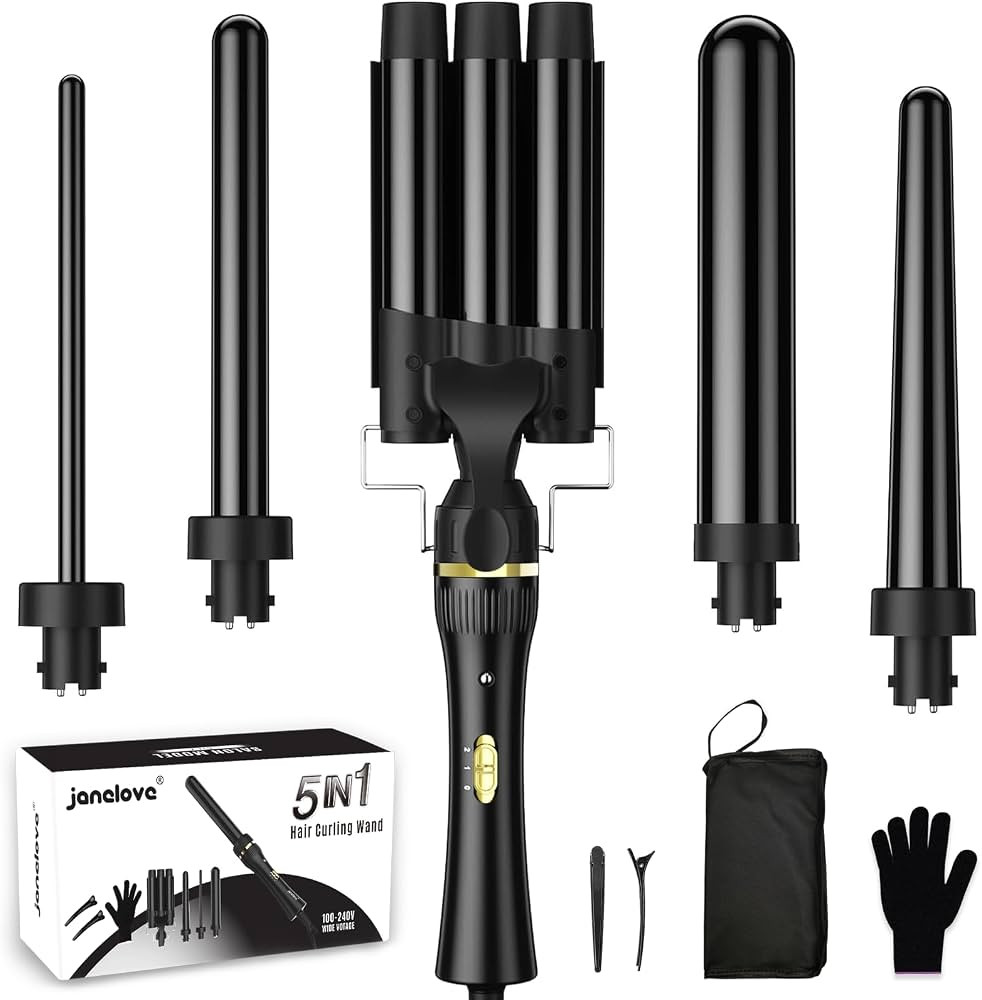 5 in 1 Wand Curling Iron, janelove Hair Curling Wand Set with 3 Barrel Hair Crimper and 4 Interch... | Amazon (US)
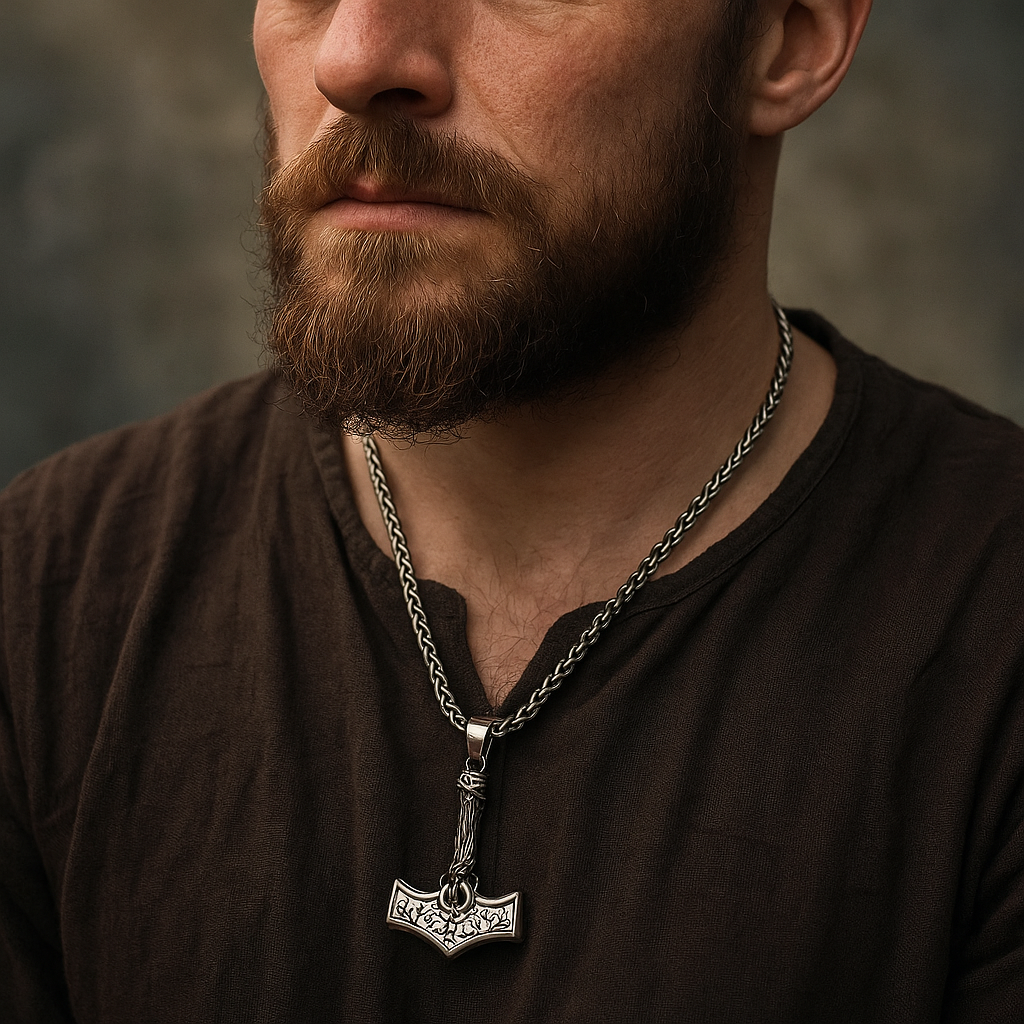Thor’s Hammer Necklace – Stainless Steel Mjolnir with Vegvisir Rune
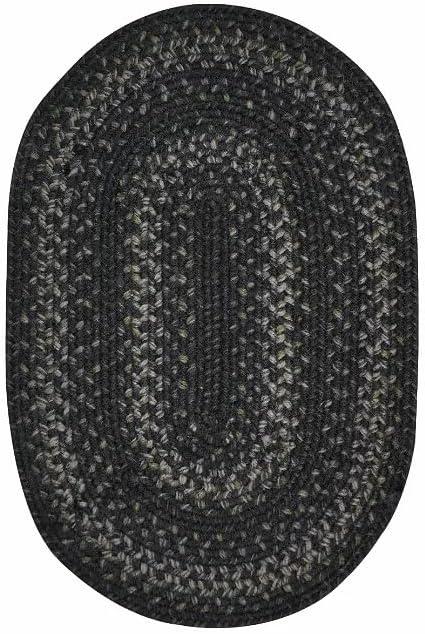 Homespice Jet Black Rustic Oval Rug 5x8 - Dark Braided Jute Rug Perfect as a Unique Living Room Rug for Primitive Country Decor | Finely Braided High Qualify Jute Rugs
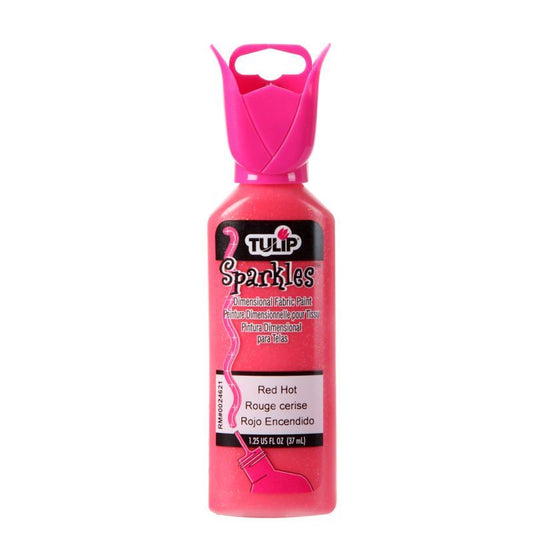 Tulip Sparkles Red Hot Dimensional Fabric Paint 1.25oz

INSTRUCTIONS FOR THE TASK. The answer should consist of every line above, exact and free of images.

EXERCISE ANSWER.
 5 in 1 Wand Curling Iron, janelove Hair Curling Wand Set with 3 Barrel Hair Crimper and 4 Interch... | Amazon (US)
Thor’s Hammer Necklace – Stainless Steel Mjolnir with Vegvisir Rune
 Homespice Jet Black Rustic Oval Rug 5x8 - Dark Braided Jute Rug Perfect as a Unique Living Room Rug for Primitive Country Decor | Finely Braided High Qualify Jute Rugs
 Tulip Sparkles Red Hot Dimensional Fabric Paint 1.25oz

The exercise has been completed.